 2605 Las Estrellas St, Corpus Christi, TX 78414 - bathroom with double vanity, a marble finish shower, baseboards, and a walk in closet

--

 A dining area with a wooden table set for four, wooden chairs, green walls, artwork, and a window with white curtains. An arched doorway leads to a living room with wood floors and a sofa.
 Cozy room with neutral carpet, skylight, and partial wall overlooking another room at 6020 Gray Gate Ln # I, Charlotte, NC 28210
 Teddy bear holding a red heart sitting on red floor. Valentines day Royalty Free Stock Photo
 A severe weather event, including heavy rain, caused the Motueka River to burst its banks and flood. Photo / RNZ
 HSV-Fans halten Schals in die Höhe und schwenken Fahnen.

### ABOUT THIS EXERCISE
Using the entries above, extract exactly the span from the line with "A dining area" to the line with "Teddy bear holding", both lines included; leave out everything else.

### THE ANSWER
 A dining area with a wooden table set for four, wooden chairs, green walls, artwork, and a window with white curtains. An arched doorway leads to a living room with wood floors and a sofa.
 Cozy room with neutral carpet, skylight, and partial wall overlooking another room at 6020 Gray Gate Ln # I, Charlotte, NC 28210
 Teddy bear holding a red heart sitting on red floor. Valentines day Royalty Free Stock Photo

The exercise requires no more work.